A protracted labour dispute at a Quebec Olymel hog processing plant has resulted in the company announcing a “significant” reduction in activities at the Vallée-Jonction hog slaughterhouse and cutting plant.
Olymel says it has assessed every option and weighed “the concerns and uncertainty that this strike continues to cause for the plant’s supplies and deliveries to its customers.”
To that end, Olymel’s management announced its intent to cut the evening shift, resulting in the loss of more than 500 positions. Four months’ notice of termination will be sent to the employees affected by this decision in accordance with Quebec labour standards.

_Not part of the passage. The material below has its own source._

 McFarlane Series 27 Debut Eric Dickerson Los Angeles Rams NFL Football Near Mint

“This decision will come into effect at the end of the notice of termination period if no agreement is reached and accepted by the union members by Sunday evening (August 29) at midnight,” Olymel says in a press release.
Olymel released a strongly-worded press release August 24th, outlining that the union’s vote of “no” on August 17 on a proposed resolution to the four-month long strike, drove the company to make the decision.

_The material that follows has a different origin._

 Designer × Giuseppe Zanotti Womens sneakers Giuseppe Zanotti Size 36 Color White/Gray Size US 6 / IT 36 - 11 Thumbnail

The plant workers have been on strike since late April.
“Workers must understand that they already bear full responsibility for the dramatic situation of the hogs awaiting slaughter, their impending euthanasia, and the food waste that will result. Now they will also be responsible for the loss of 500 jobs and the consequences on these individuals, their families and the regional economy,” says Paul Beauchamp, Olymel’s senior vice president.
It appears that the largest hurdle is wages, a point the company says it is not willing to comply with the union’s demands, stating an increase in the “monetary aspects of [the August 14th] agreement in any way” would compromise the plant’s viability and competitiveness.
Meanwhile, hog producers in Quebec have been hanging on to hogs longer than planned, are shipping further or out of province, or euthanizing pigs.